In this research, DMAIC approach was implemented for process improvement in tire industry. First, process capability index C pk of the current process was computed which was found less than 1. Therefore, to improve the value of process performance, the root causes of problem were determined with the help of cause and effect diagram. In addition, substantial analysis of existing system was done for finding the solution of root cause identified. Finally, in the improve phase, statistical analysis was done for identifying the process capability index value which was improved after taking corrective actions. From outcomes of the study, it can be concluded that process performance of a tire-manufacturing plant can be improved significantly by implementing six-sigma DMAIC methodology.

Cause and effect diagram was also used in an Indian study by Gupta et al. ( 2012 ), although no manufacturing aspects were discussed.
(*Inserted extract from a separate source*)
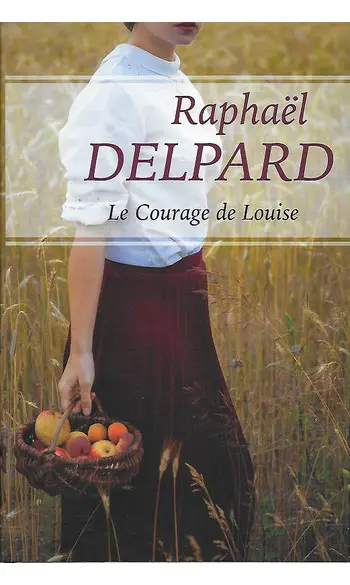 Le Courage de Louise ( Raphaël Delpard )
One more exploratory research was implemented for finding the enablers for successful implementation of lean tools in radial tire-manufacturing company in India (Gupta et al. 2013 ); however, no manufacturing aspects were discussed in this study also. In the current study, six-sigma DMAIC method is used for improving the process performance.

The main aim of this study was to improve the process capability index of the bead splice, which is achieved by increasing the value of process capability index up to 2.66. This study is based on six-sigma DMAIC quality methodology which provides information about the decision-making power for particular type of problem and the most significant tool for improvement of that type of problem in which data used must come from a stable process (under statistical control: Chen et al. 2017 ).

Six sigma is a standard of measurement of the product or process quality, also having a caliber for improvement in efficiency and excellence of process. The main aim of implementing six-sigma approach is delivering world-class quality standards of product and service while removing all internal as well as external defects at the lowest possible cost. For proper and successful implementation of a six-sigma project, organization must have the required resources, the guidance to the employees by top management, and leadership of top management. The case company follows several quality standards, which have research and development cell, and good coordination system for managing the issue faced on shop floor. Hence, the corrective actions were implemented successfully.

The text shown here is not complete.